> **What the exercise asks**
Using the listing below, give again exactly the lines from the line with "Kim Gradwell injects" to the line with "Stockroom manager listening", inclusive, without the pictures.

> **Data in this exercise**
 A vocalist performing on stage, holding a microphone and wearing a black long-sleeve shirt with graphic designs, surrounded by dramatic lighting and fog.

--

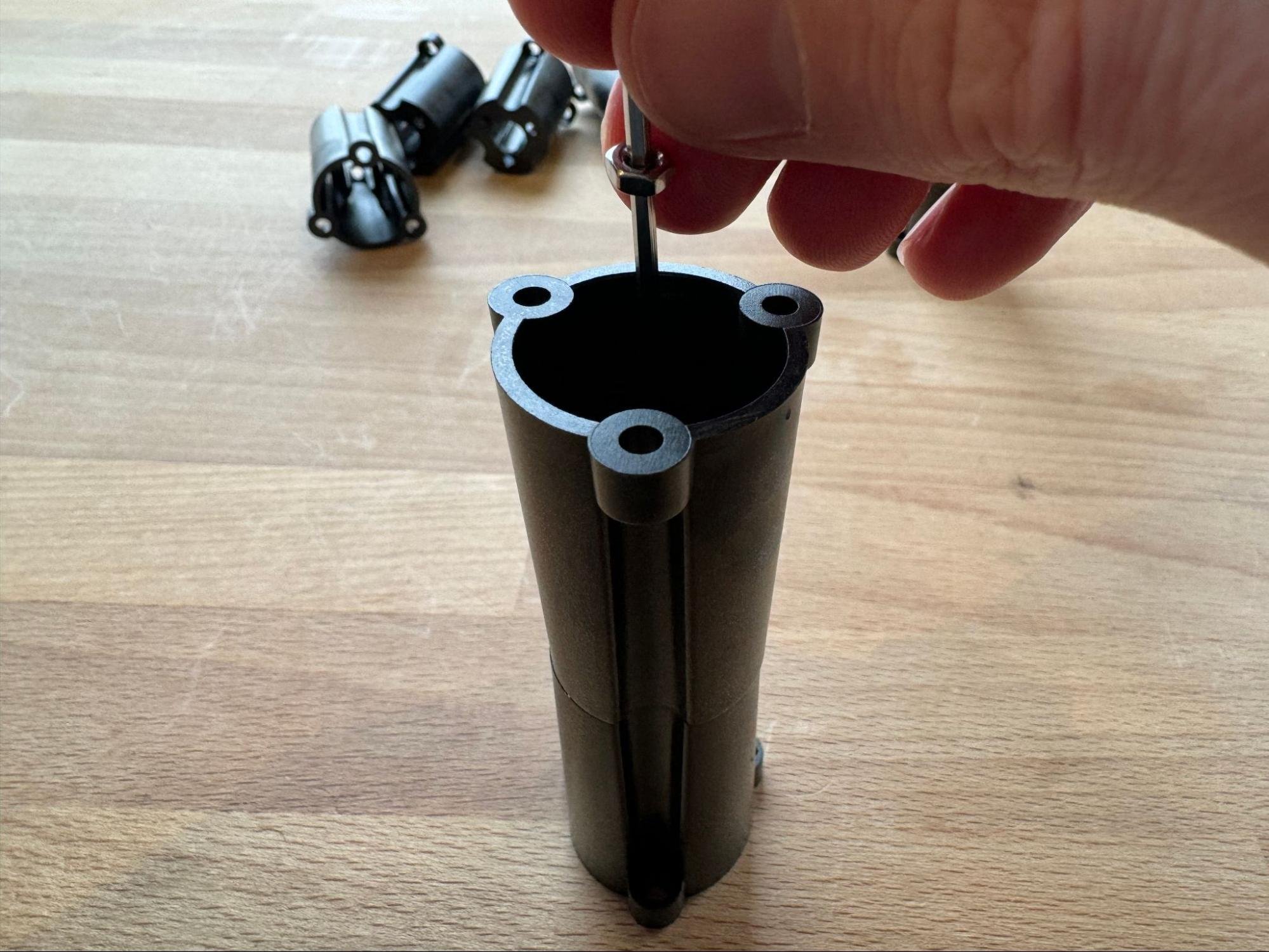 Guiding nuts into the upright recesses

* * *

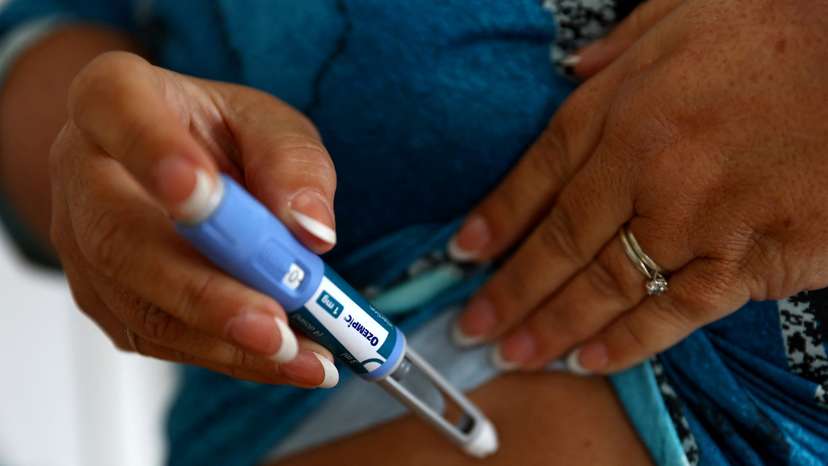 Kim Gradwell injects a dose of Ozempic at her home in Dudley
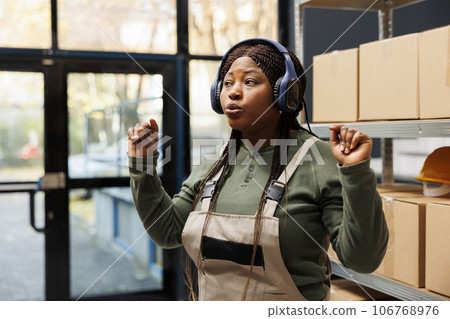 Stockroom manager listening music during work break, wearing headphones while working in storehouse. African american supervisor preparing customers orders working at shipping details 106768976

> **Reply to the exercise**
 Kim Gradwell injects a dose of Ozempic at her home in Dudley
 Stockroom manager listening music during work break, wearing headphones while working in storehouse. African american supervisor preparing customers orders working at shipping details 106768976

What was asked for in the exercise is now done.